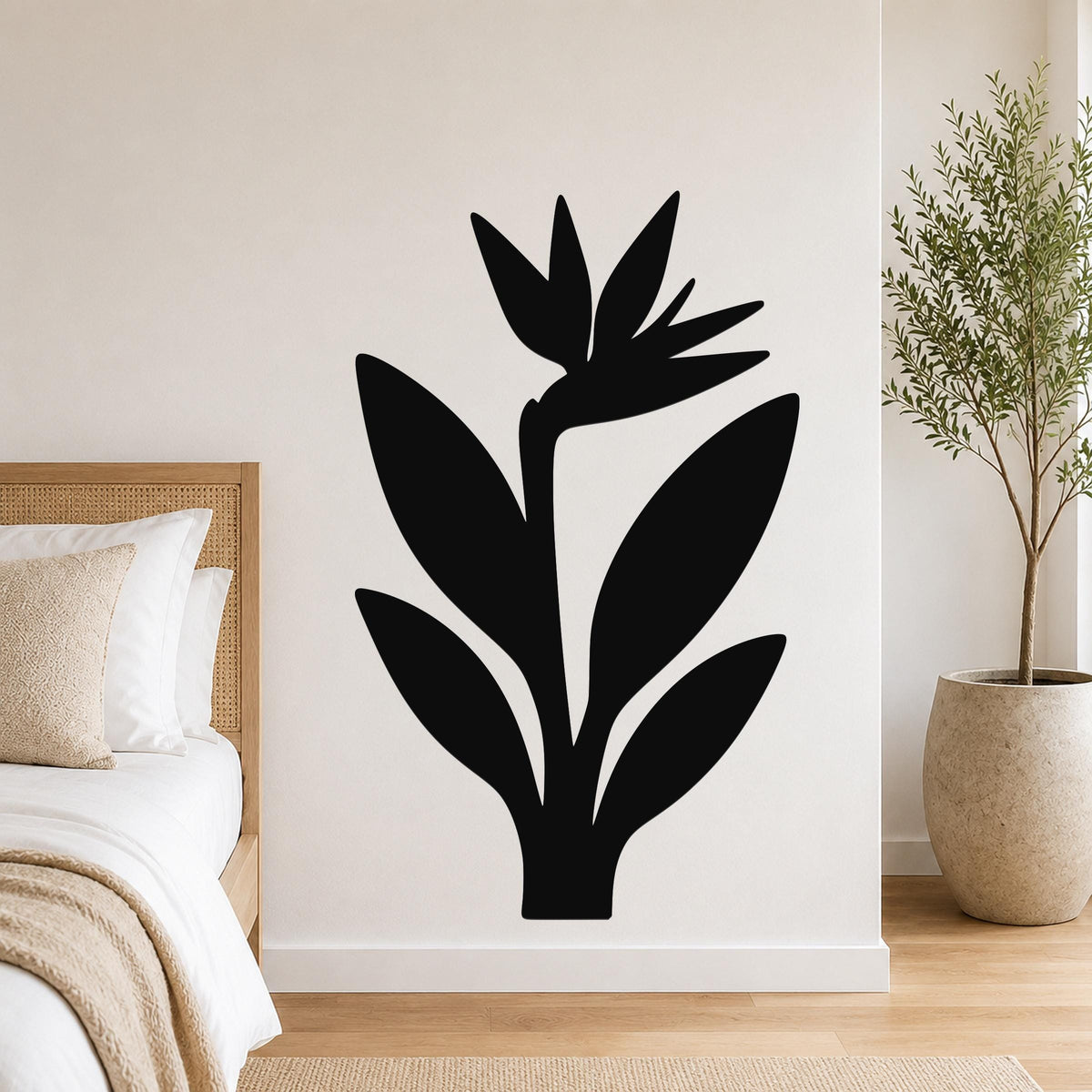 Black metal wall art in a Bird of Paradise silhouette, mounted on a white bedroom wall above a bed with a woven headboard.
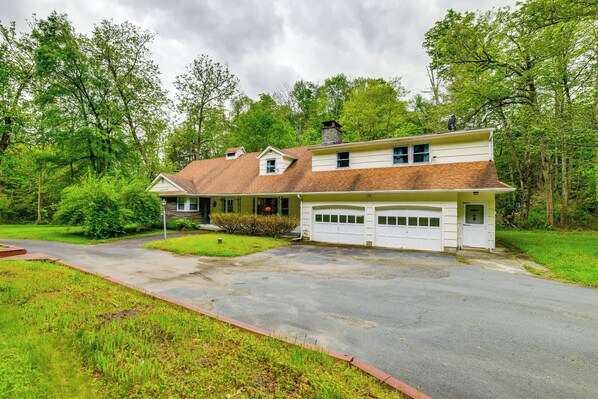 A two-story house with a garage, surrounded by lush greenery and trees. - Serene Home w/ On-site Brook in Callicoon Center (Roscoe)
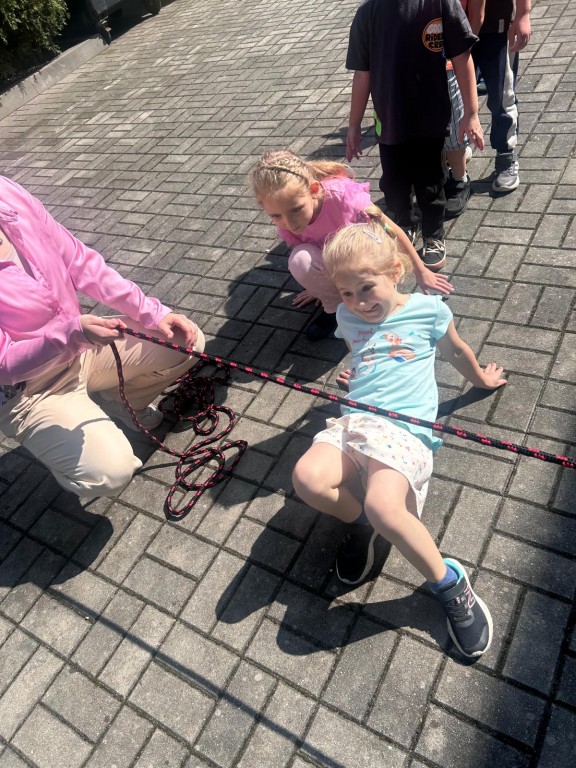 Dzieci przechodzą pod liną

● ● ● ● ● ● ●

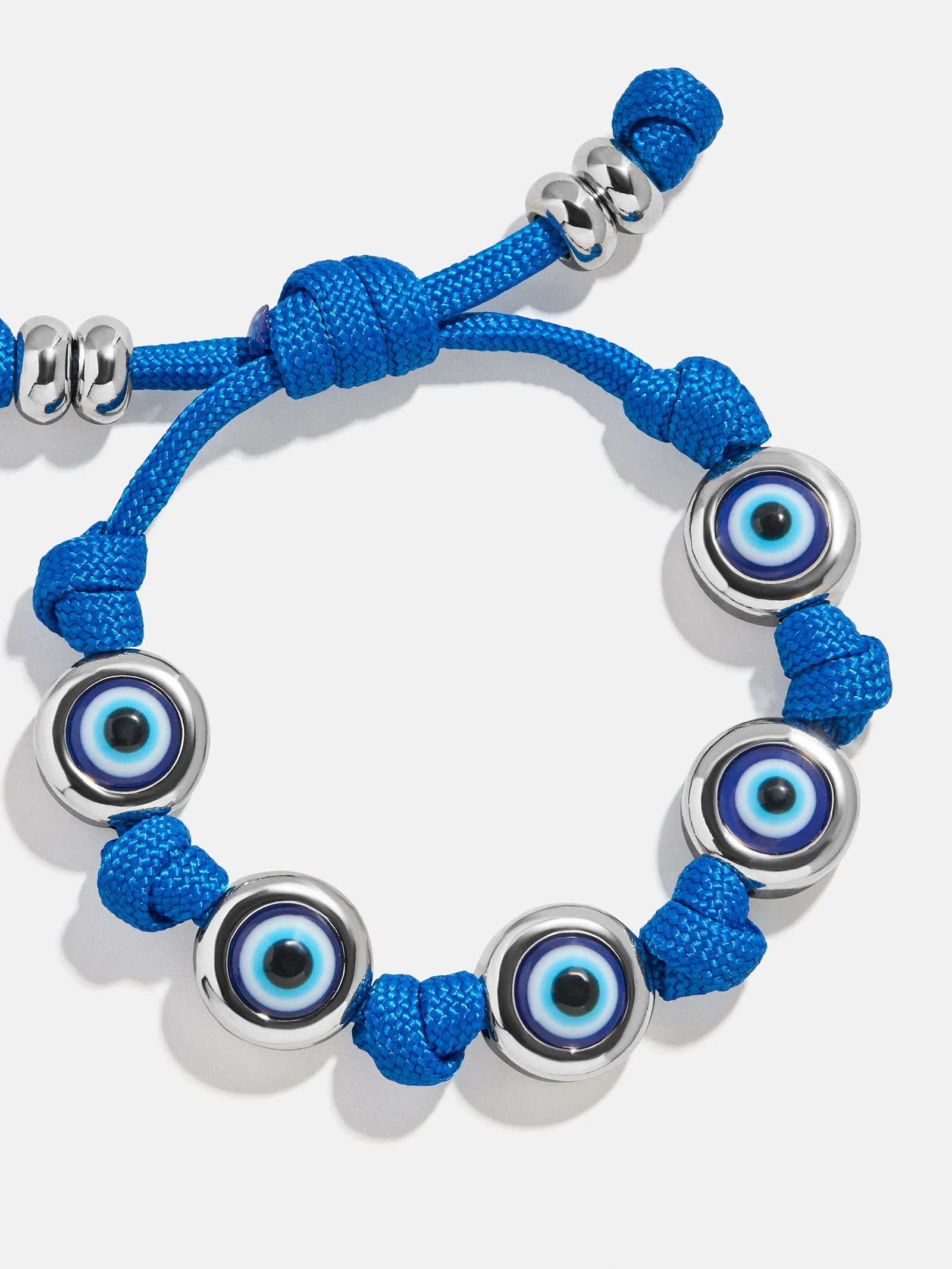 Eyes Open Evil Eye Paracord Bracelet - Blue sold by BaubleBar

● ● ● ● ● ● ●

● Assigned task:
In the data above, find the line containing "Black metal wall" and the line containing "Dzieci przechodzą pod liną". Repeat those two lines and everything between them exactly, minus the pictures.

● Response box:
 Black metal wall art in a Bird of Paradise silhouette, mounted on a white bedroom wall above a bed with a woven headboard.
 A two-story house with a garage, surrounded by lush greenery and trees. - Serene Home w/ On-site Brook in Callicoon Center (Roscoe)
 Dzieci przechodzą pod liną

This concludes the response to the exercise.